■ INSTRUCTIONS FOR THE TASK ■
Beginning with the line containing "Caffeine Women’s Denim" and ending with the line containing "These Lentil Sloppy", write out each line of the records below exactly; pictures and lines outside that range are left out.

■ RECORDS FOR THIS TASK ■

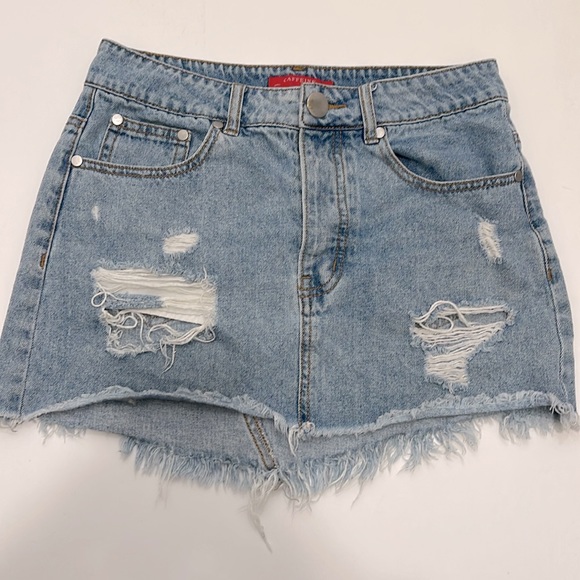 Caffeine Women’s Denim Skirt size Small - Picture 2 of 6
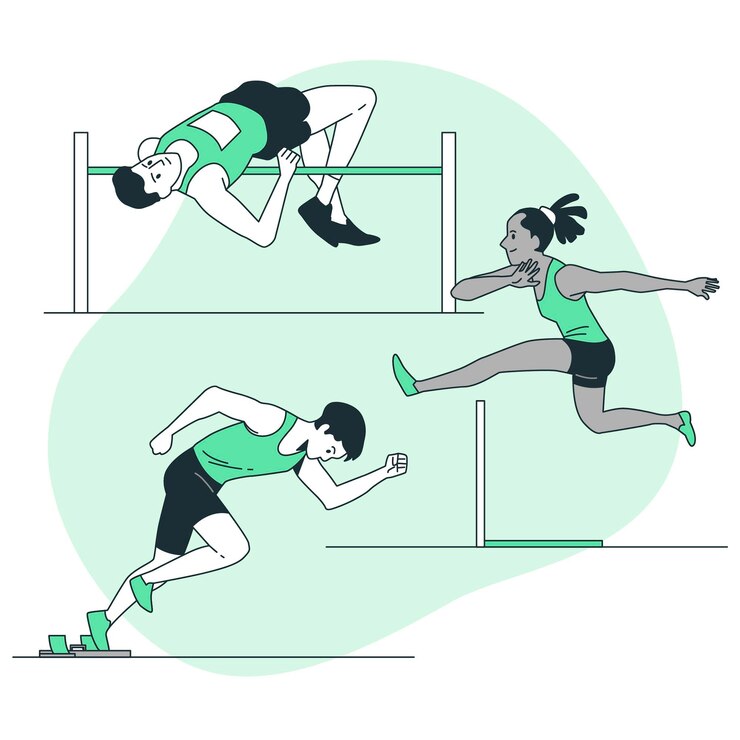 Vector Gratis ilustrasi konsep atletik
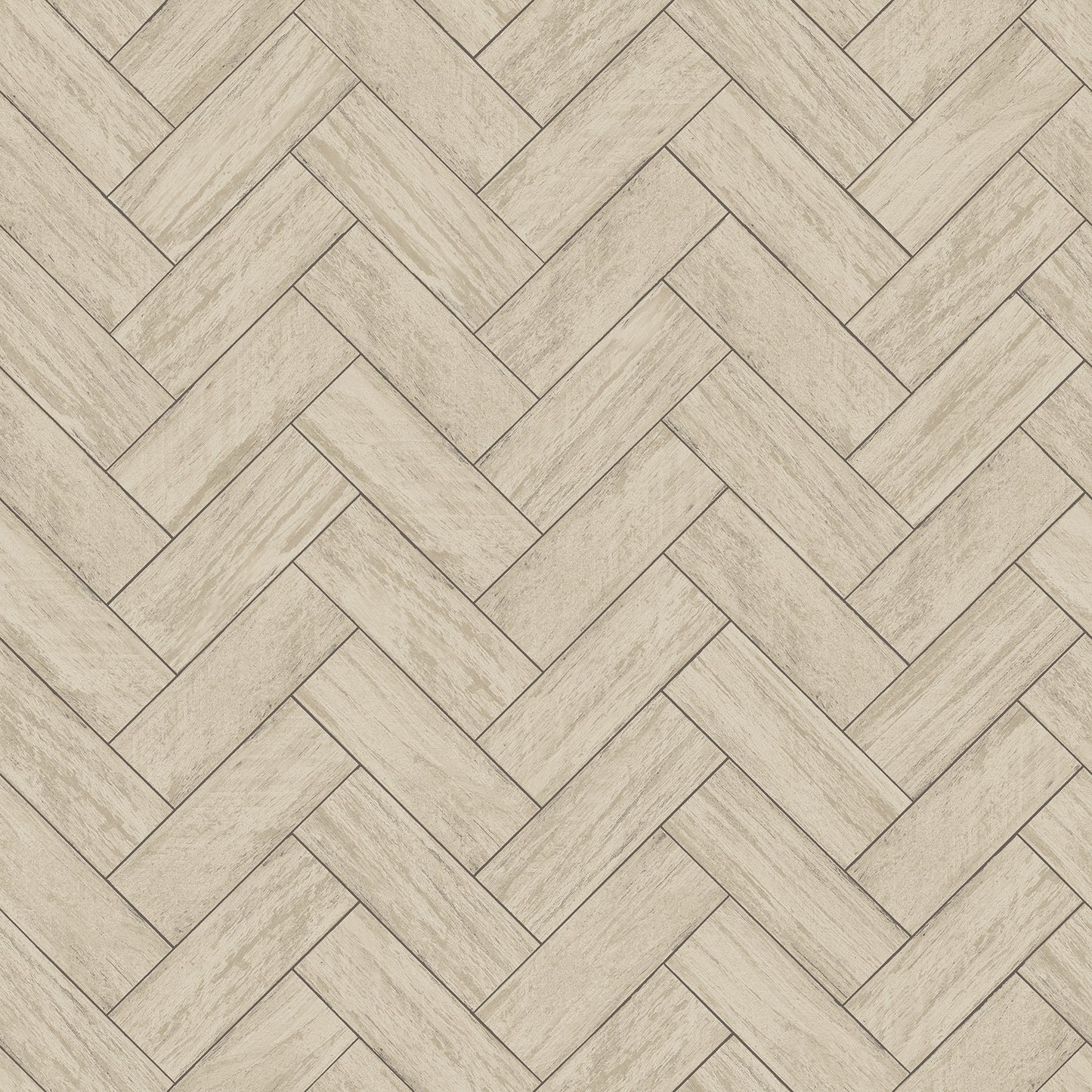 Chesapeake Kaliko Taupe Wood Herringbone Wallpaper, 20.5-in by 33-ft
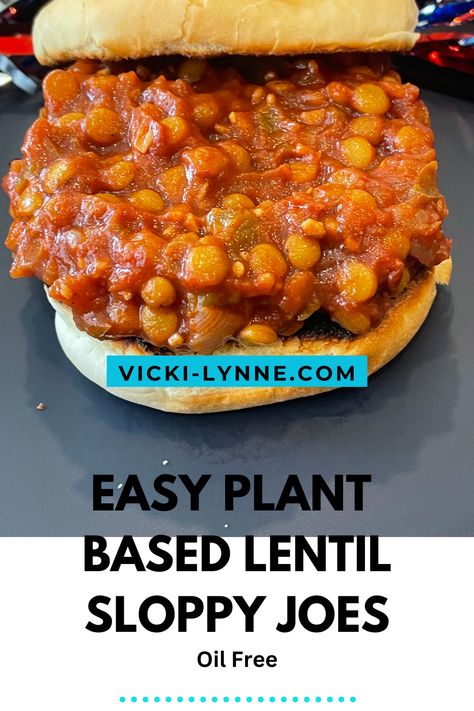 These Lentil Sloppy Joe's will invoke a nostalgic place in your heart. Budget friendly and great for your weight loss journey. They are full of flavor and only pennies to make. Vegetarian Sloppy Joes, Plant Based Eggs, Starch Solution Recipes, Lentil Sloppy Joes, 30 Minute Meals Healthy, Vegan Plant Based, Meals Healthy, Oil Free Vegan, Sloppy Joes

...

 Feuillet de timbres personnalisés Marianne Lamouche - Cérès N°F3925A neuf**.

...

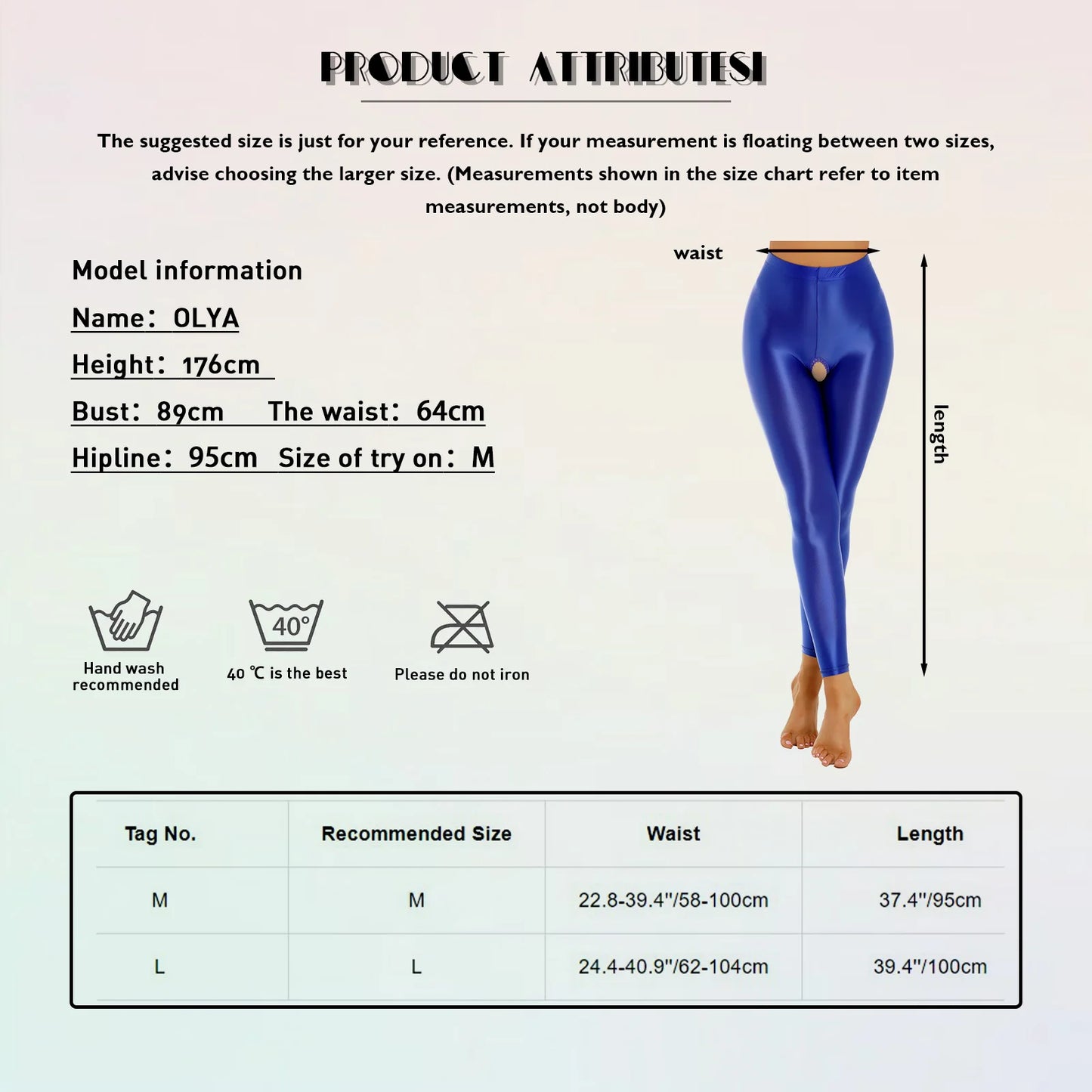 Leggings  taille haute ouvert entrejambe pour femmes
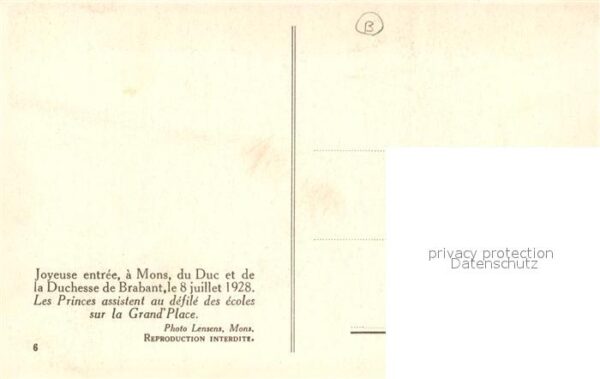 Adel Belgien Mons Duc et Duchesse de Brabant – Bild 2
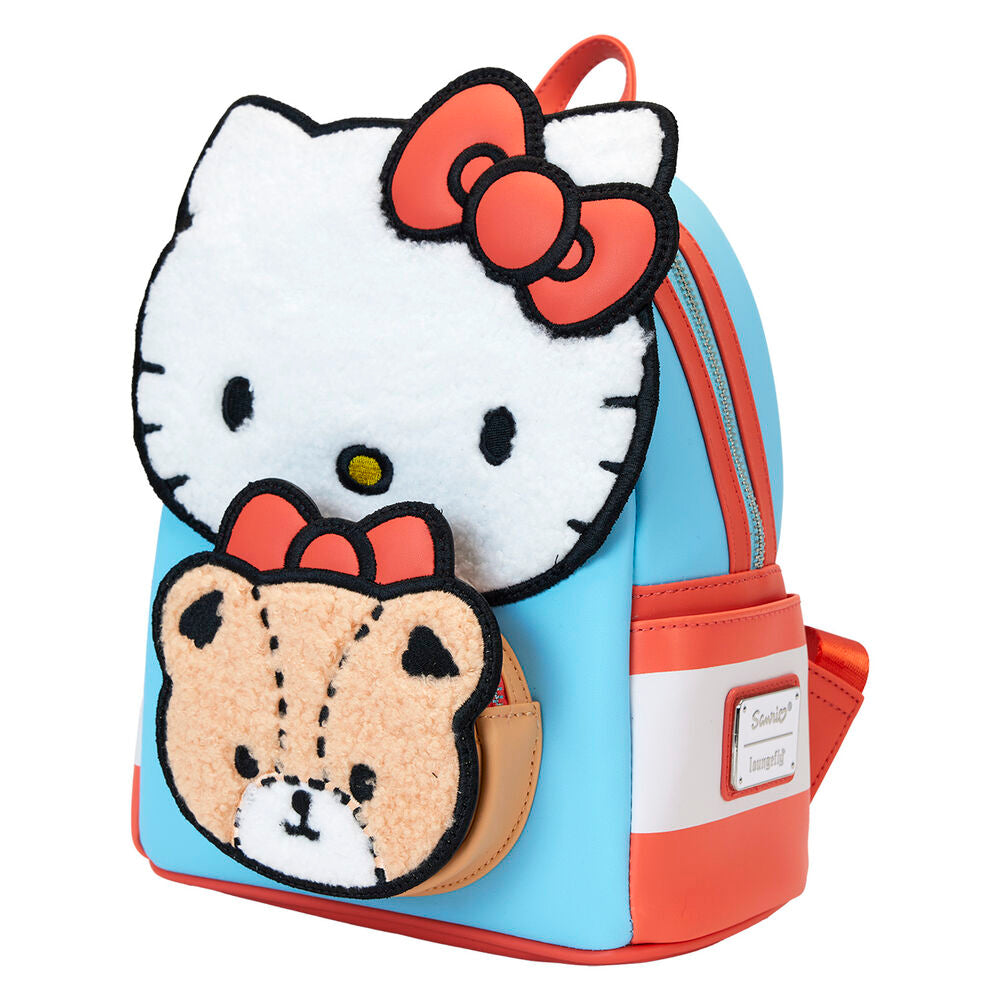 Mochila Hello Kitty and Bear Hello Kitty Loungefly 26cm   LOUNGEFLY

■ EXPECTED ANSWER ■
 Caffeine Women’s Denim Skirt size Small - Picture 2 of 6
 Vector Gratis ilustrasi konsep atletik
 Chesapeake Kaliko Taupe Wood Herringbone Wallpaper, 20.5-in by 33-ft
 These Lentil Sloppy Joe's will invoke a nostalgic place in your heart. Budget friendly and great for your weight loss journey. They are full of flavor and only pennies to make. Vegetarian Sloppy Joes, Plant Based Eggs, Starch Solution Recipes, Lentil Sloppy Joes, 30 Minute Meals Healthy, Vegan Plant Based, Meals Healthy, Oil Free Vegan, Sloppy Joes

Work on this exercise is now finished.